Okay, dann gehts. Mal sehen, eventuell schaffe ich mir so ein gerät an. Und die knoten sind wirklich bombenfest?
Wie testet ihr eigentlich eure knoten? Ich habe die letzten tage die erfahrung gemacht das ein und derselbe knoten, mit gleicher anzahl windungen mal besser und mal schlechter hält, sei er auch noch so sauber gebunden. Wenn ich hier zuhause teste geht das recht einfach, aber wie testet ihr euren knoten am wasser (an der rute)? Handschuhe angezogen und ziehen? Oder verlasst ihr euch auf euer können und hofft das gerade dieser frisch gebundene knoten hält?
Hirnke


----------



## Mefospezialist (18. November 2011)

*AW: Knotenproblem*

Also bei nem 25er geflecht brauchst du ja eigentlich keine Schlagschnur mehr. Kommt natürlich drauf an welche Gewichte du da voll durchziehen möchstest aber zum normalen Brandungsangeln würde ich da nicht mehr unbedingt eine vorschalten.

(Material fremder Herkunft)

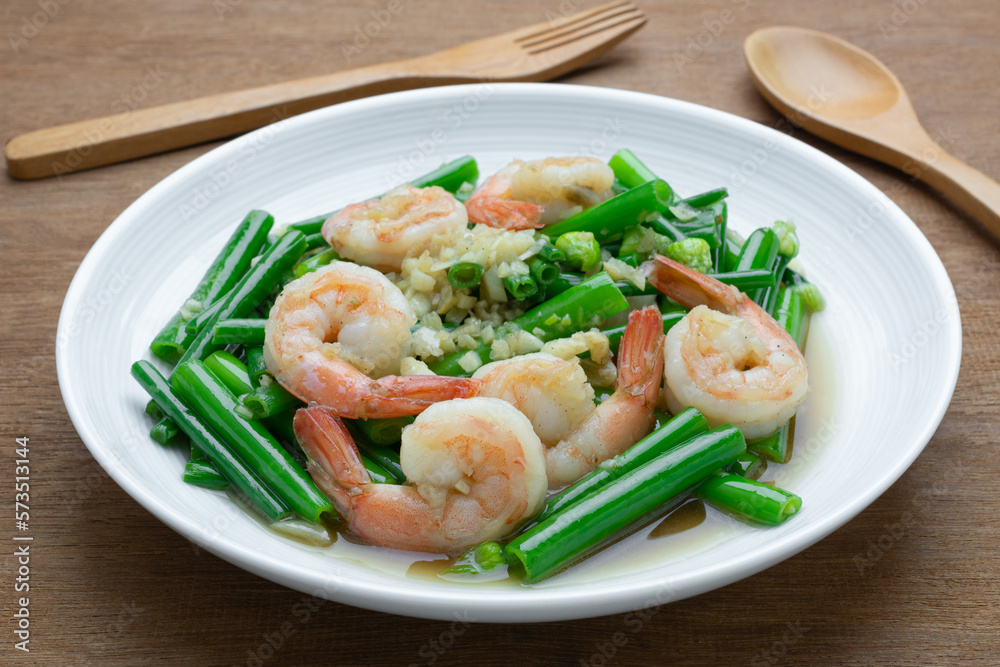 close up of stir fried shrimp with onion flower stem in a ceramic dish on wooden table. asian homemade style food concept.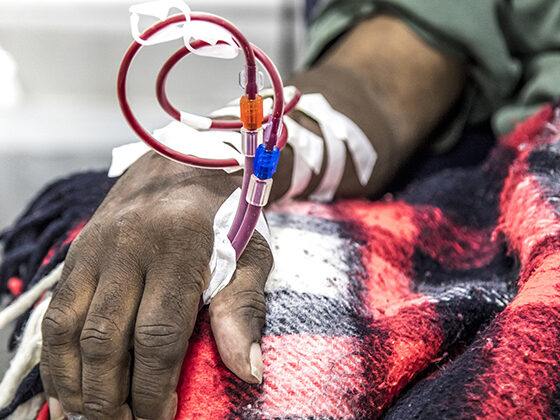 Hand with blood being drawn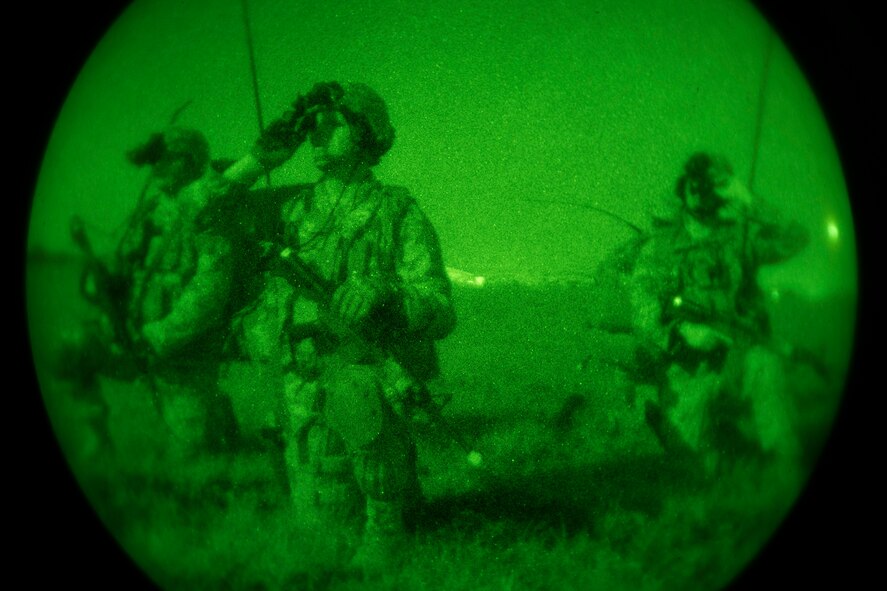 Airmen from the 820th Combat Operations Squadron assess the scene during a training exercise on the flightline April 24, 2013, at Moody Air Force Base, Ga. During the exercise, the 820th COS and 824th Base Defense Squadron helped seize the airfield and set up 360-degree parameter security around the flightline. (U.S. Air Force photo by Staff Sgt. Jamal D. Sutter/Released)  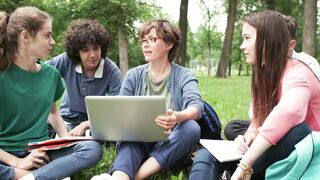 A group of students discussing a topic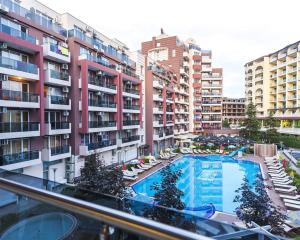 an apartment complex with a swimming pool and buildings at ADMIRAL PLAZA C 43 Studio Sunny Beach in Sunny Beach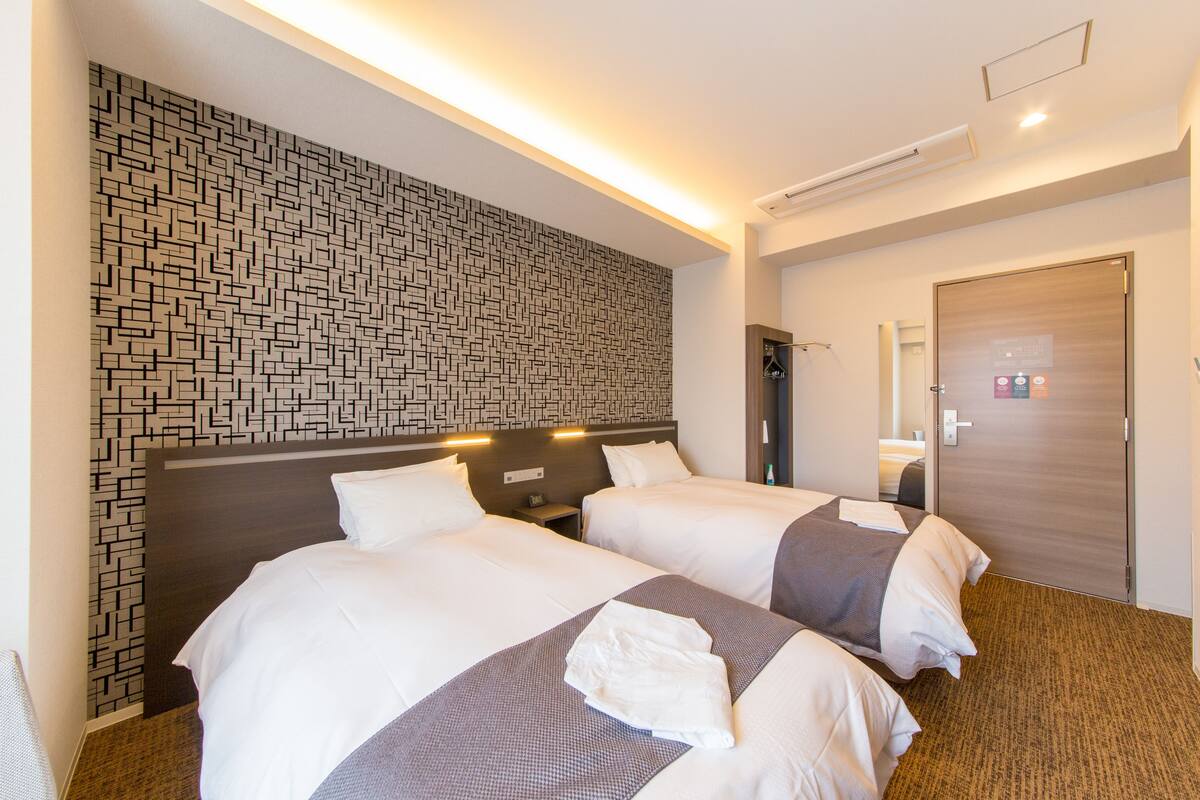 A hotel room with two beds, a patterned wall, and a wooden door.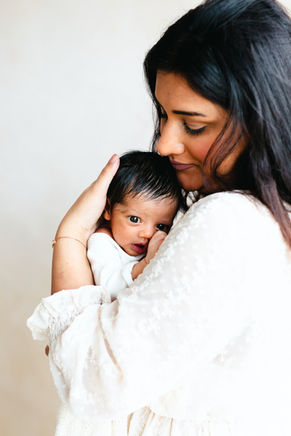 Moeder houdt haar pasgeboren baby dicht tegen zich aan
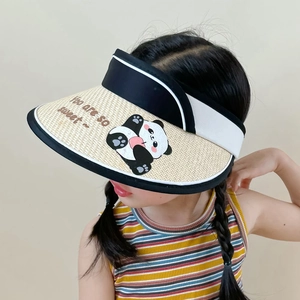 Detail of children straw sun hat featuring a cute panda print and Sweet text
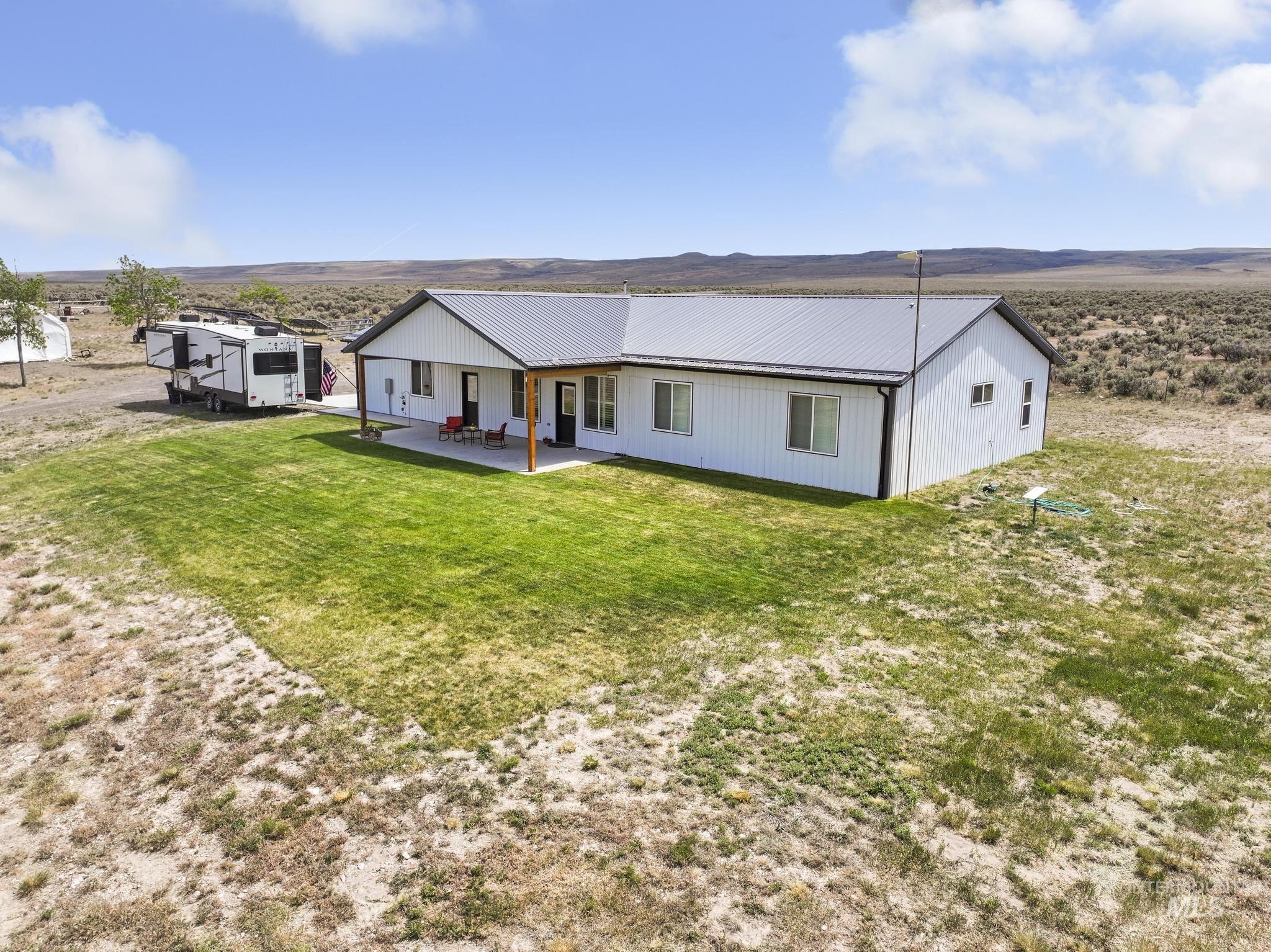 758 Cedar Crk Road Rogerson, ID 83302 - Photo 42 of 50 Modern white exterior with a dark gray metal roof, featuring a covered patio with wood support beams and a concrete surface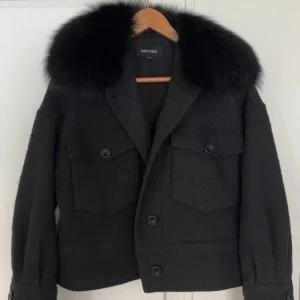 Meotine Charlie jacket  - Snygg svart jacka från Meotine med en lyxig pälsdetalj runt kragen. Jackan har knappar framtill och två stora fickor på bröstet. Perfekt för kyligare dagar när du vill hålla stilen.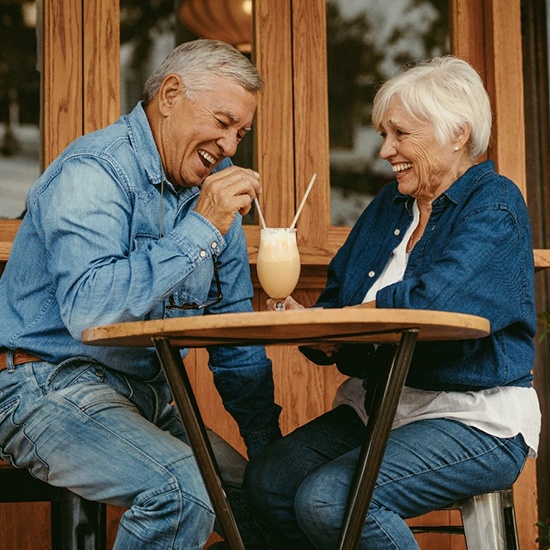 Senior couple with dentures in Fairfax sharing a milkshake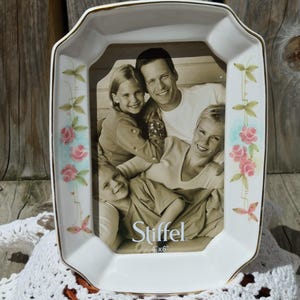 May include: White ceramic picture frame with a gold trim and floral accents. The frame holds a 4"x6" photo and features the brand name "Stiffel". The frame has a rectangular shape with a scalloped edge and is decorated with pink roses and green leaves.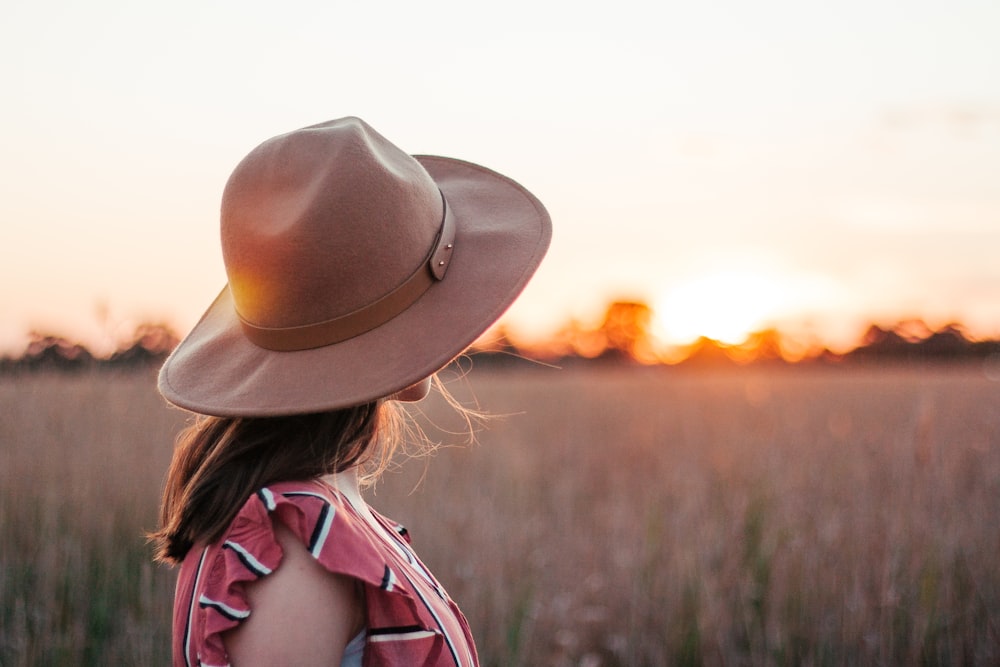 woman facing grass field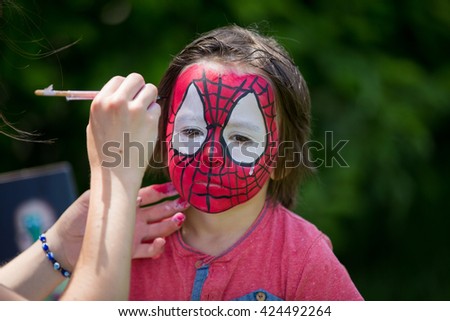 Cute little five years old boy,. having his face painted as spider on his birthday party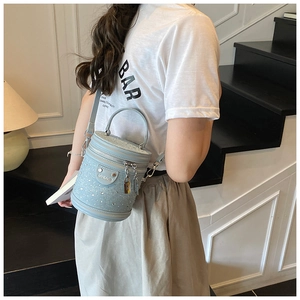 Sac seau bleu clair orné de strass avec bandoulière amovible porté par une mannequin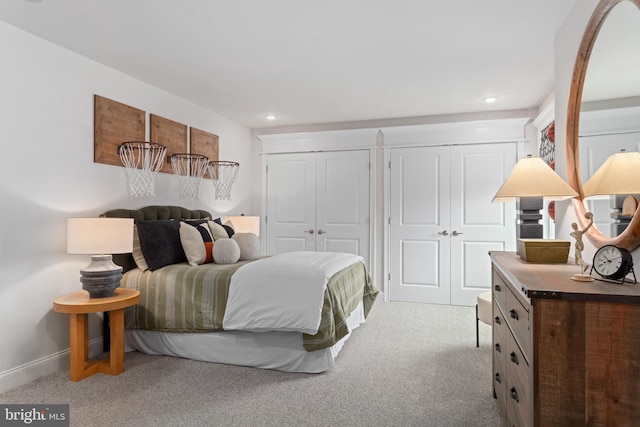 bedroom with light colored carpet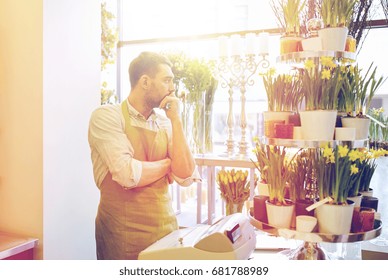 People, Sale, Retail, Business And Floristry Concept - Sad Florist Man With Cashbox Standing At Flower Shop Counter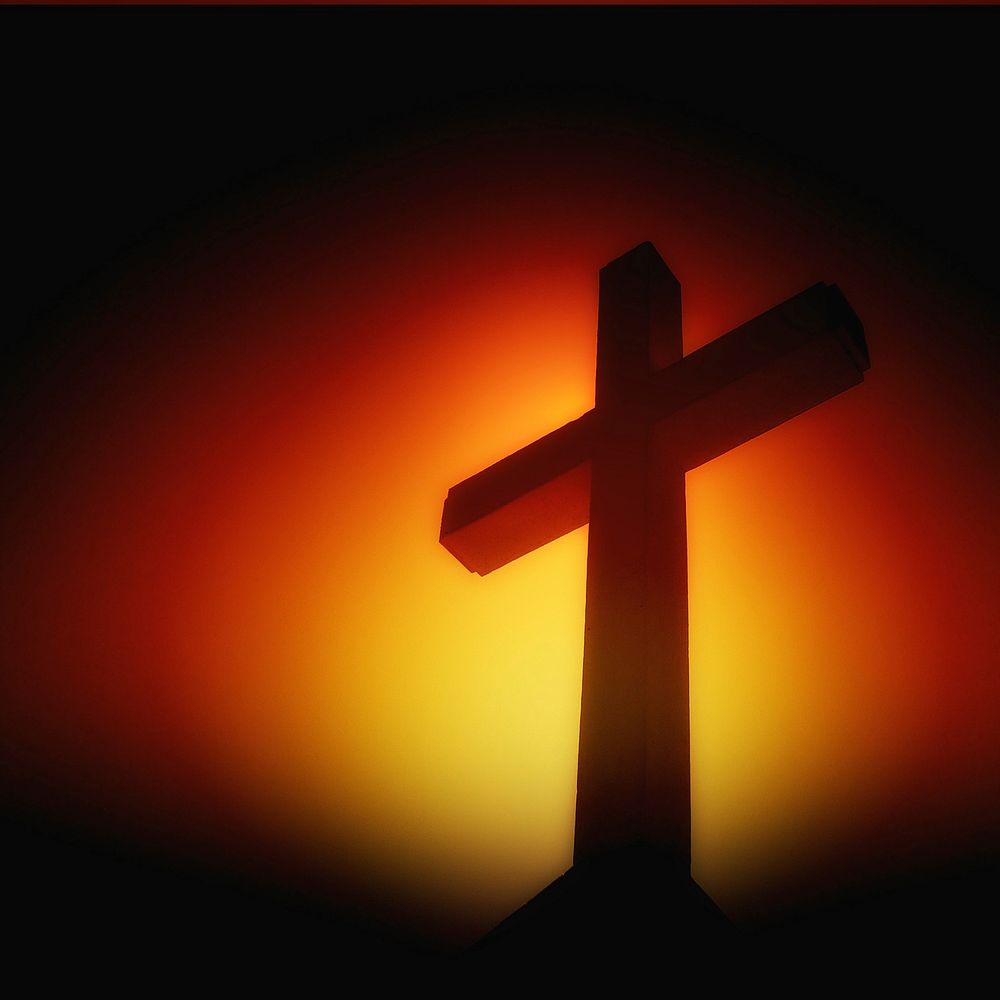 Christian cross on yellow, red and black background. Original public domain image from Wikimedia Commons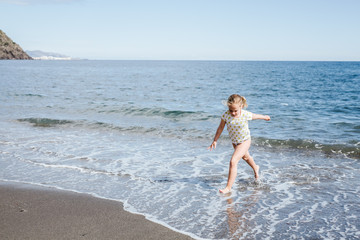 Fototapeta na wymiar Blonde girl plays happy on the beach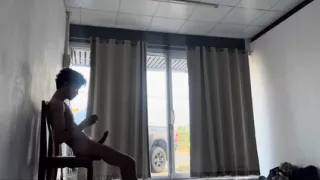 A handsome young man jerks off in front of a glass door.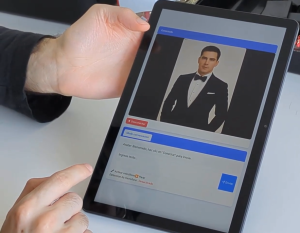 Tablet displaying a video chat interface with a man in a black tuxedo as the avatar, and blue chat/action bars visible on screen.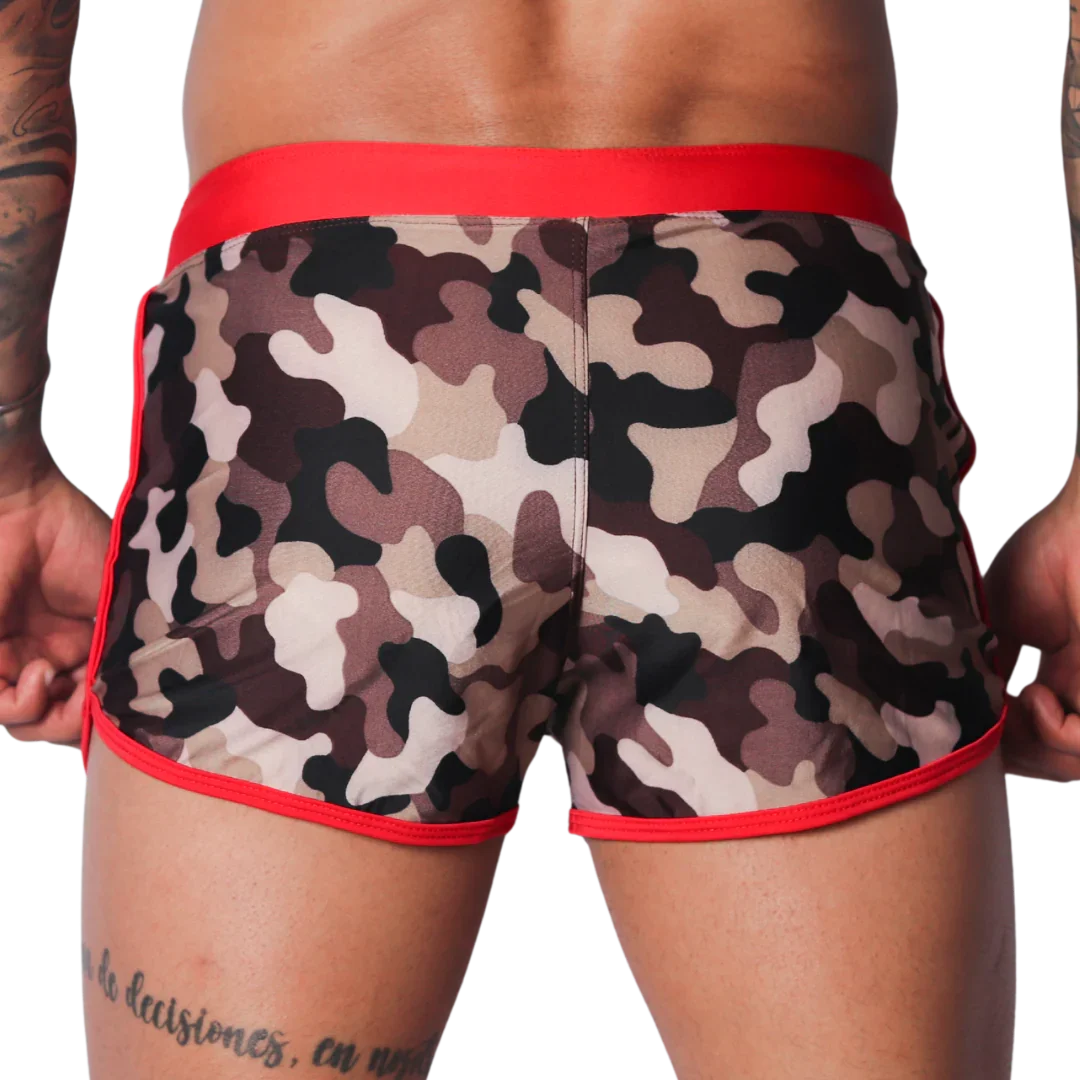 Short camo-print swim trunks with a wide red waistband and red piping trim along the leg openings.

Wenn wir über ein 12er oder 15er geflecht sprechen würden ok aber bei ner 25er? #c

Grüße

David


----------



## angelnrolfman (18. November 2011)

*AW: Knotenproblem*



Mefospezialist schrieb:


> Also bei nem 25er geflecht brauchst du ja eigentlich keine Schlagschnur mehr. Kommt natürlich drauf an welche Gewichte du da voll durchziehen möchstest aber zum normalen Brandungsangeln würde ich da nicht mehr unbedingt eine vorschalten.
> 
> Wenn wir über ein 12er oder 15er geflecht sprechen würden ok aber bei ner 25er? #c
> 
> ...


 
Hi David,

zum Werfen des Gewichts vieleicht nicht gerade. Aber die ersten Meter der Schnur sind doch schon extremen Bedingungen ausgesetzt, die werden mal über die Muschelbank o.ä. gezogen. Die Geflochtene ist da echt empfindlich, wobei die Monofile da etwas robuster ist und schonmal etwas mehr ab kann. |rolleyes
Ist aber meine persönliche Meinung......


----------



## hirnke (18. November 2011)

*AW: Knotenproblem*

Ich will halt möglichst weit raus werfen, da der strand dort recht flach ist. 200 gramm werdens schon werden. Und um richtig bumms dahinter zu bekommen hab ich mir die 0,48 geflochtene als shock leader und als snag leader geholt.


----------



## snit (5. Januar 2012)

*AW: Knotenproblem*

Hallo hab ne Seite gefunden wo alle Knoten die es so gibt sehr gut erklärt werden is aber auf English.
http://videofishingknots.com/
Wird wohl der ein oder andere kennen.


----------



## Micha383 (5. Januar 2012)

*AW: Knotenproblem*



snit schrieb:


> Hallo hab ne Seite gefunden wo alle Knoten die es so gibt sehr gut erklärt werden is aber auf English.
> http://videofishingknots.com/
> Wird wohl der ein oder andere kennen.



Die beste Seite für Knoten die ich kenne :m


----------



## kapeb (5. Januar 2012)

*AW: Knotenproblem*

Kurzer Einwand.
Könnte das Knotenproblem auch einfach nur an evt. spröder Schnur liegen|kopfkrat???? Einfach mal von beiden Schnüren die ersten 3-4meter abschneiden und dann nochmal versuchen :m


----------



## Gunnar 80 (8. Januar 2012)

*AW: Knotenproblem*

Hallo!Wenn Du in Indien und Thailand angeln möchtest,wirst Du vermutlich eher dicke Fische fangen wollen?! Verwende selbst beim Brandungsangeln auf Rochen und Haie eine 0,70er-0,90er Mono-Schlagschnur mit 0,40er Spiderwire auf der Rolle.Mono ist resistenter gegen rauhe Haut und div. Zähne trop. Fische. Meine Favoriten bei den Knoten sind doppelter Grinner und der ,,sebile knot".Letzteren sollte man vor dem Trip ein paar Mal probieren und mit Handschuhen testen.Auf you tube findest Du einige gute Anleitungen für diesen Knoten! 
Gruss Gunnar


----------